Todos tienen en común otra cosa: extrañan un Uruguay donde la convivencia era más saludable y armónica, donde las discusiones eran solo eso y se superaban con argumentos y un apretón de manos. Añoran un país más civilizado y no dividido en polos irreconciliables.
Utopía retrospectiva
El historiador Gerardo Caetano (64) propone revisar qué dice la Real Academia de la nostalgia, y recita: “Pena de verse ausente de la patria o de los deudos o amigos”, como primera acepción. “Tristeza melancólica originada por el recuerdo de una dicha perdida”, como segunda.
Y reflexiona que, pensándolo bien, este sentimiento abunda entre los uruguayos, y quizás lo del recuerdo de la patria tenga algo que ver con que este es un país fundado por los inmigrantes que bajaron de los barcos. Aquello que los gallegos definieron como “la muerte chiquita” o los brasileños definen maravillosamente con la palabra “saudade”.

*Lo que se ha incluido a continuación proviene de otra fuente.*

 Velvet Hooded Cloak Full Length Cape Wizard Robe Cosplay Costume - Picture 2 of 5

“En Uruguay creo que es un sentimiento bastante generalizado, que puede enganchar con esta idea de un país en el que tuvo un rol importante la inmigración, y que en política, en historia política, puede cruzar todos los actores. No es algo propio de derecha o izquierda, conservadurismo o progresismo”, apunta, en una mesa del Bar Rodó.
El historiador apela a la historia: José Artigas es “casi la expresión de nostalgia”: protagonizó una revolución popular derrotada, su idea federal de una Liga de Pueblos Libres terminó frustrándose, y él, desahuciado, terminó sus días en el Paraguay. “Esa idea del mito de los orígenes, en el caso uruguayo, es un mito propio de los países jóvenes, que se aferran a un pasado fundacional que luego se trunca, después es objeto de veneración, pero también en algún sentido, en la veneración hay como una nostalgia”, señala.

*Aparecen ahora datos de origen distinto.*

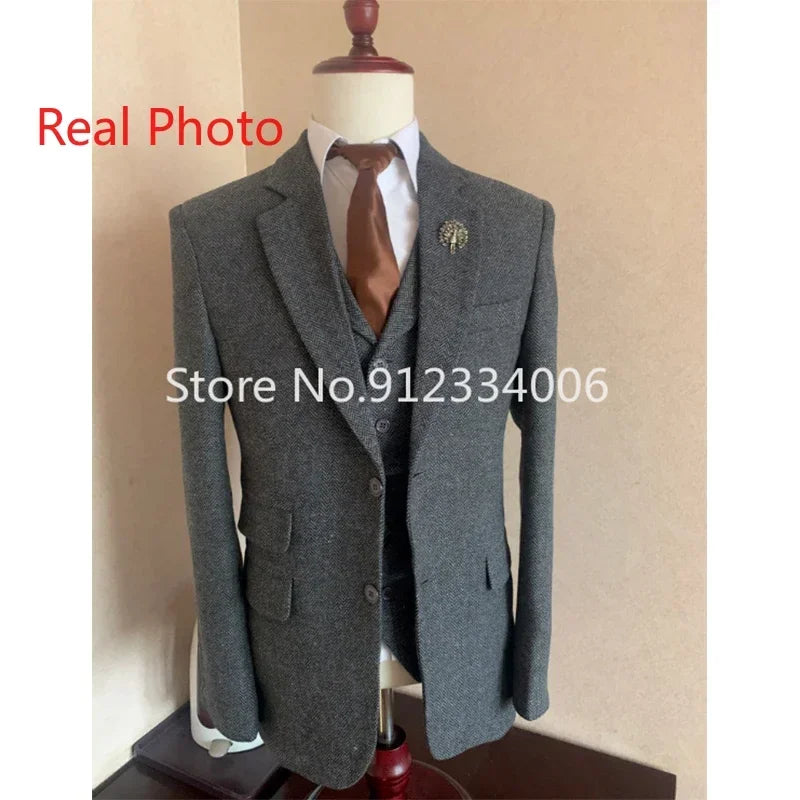 Tweed Winter Men Tuxedo Fashion 3 Piece (Jacket +Vest +Pants+Tie)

Pero hay otra nostalgia. El economista Ramón Díaz, desde una perspectiva liberal, planteaba que “el mejor momento de Uruguay” se dio en ese lapso del siglo XIX, previo al batllismo, en donde este territorio funcionaba con casi nula presencia del Estado: “Una expansión liberal capitalista que él y otros añoran, y que chocó contra una fundación temprana del Estado ampliado, que no nació con el batllismo, si no antes, pero que éste heredó”, alecciona Caetano.

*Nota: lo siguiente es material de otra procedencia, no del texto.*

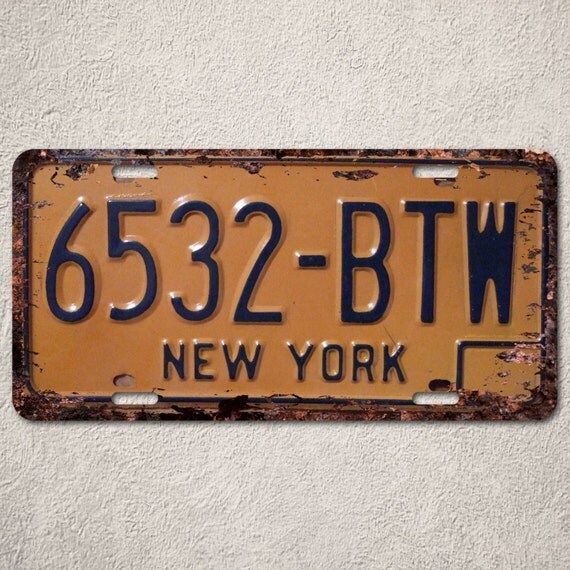 LP0357 New York State Trailer Plate Vintage Wood Auto by Pinkicee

En su soliloquio, Caetano se acerca a nuestros días. Y apunta que una figura liberal como Jorge Batlle hablaba de “volver a ser”. Es lo que llama una “utopía retrospectiva”: volver a ser la Suiza de América, la sociedad hiperintegrada, el país laboratorio.
—También Ernesto Talvi, en la campaña electoral de 2019, hablaba de volver a ser el pequeño país modelo al que llegó su padre desde Macedonia…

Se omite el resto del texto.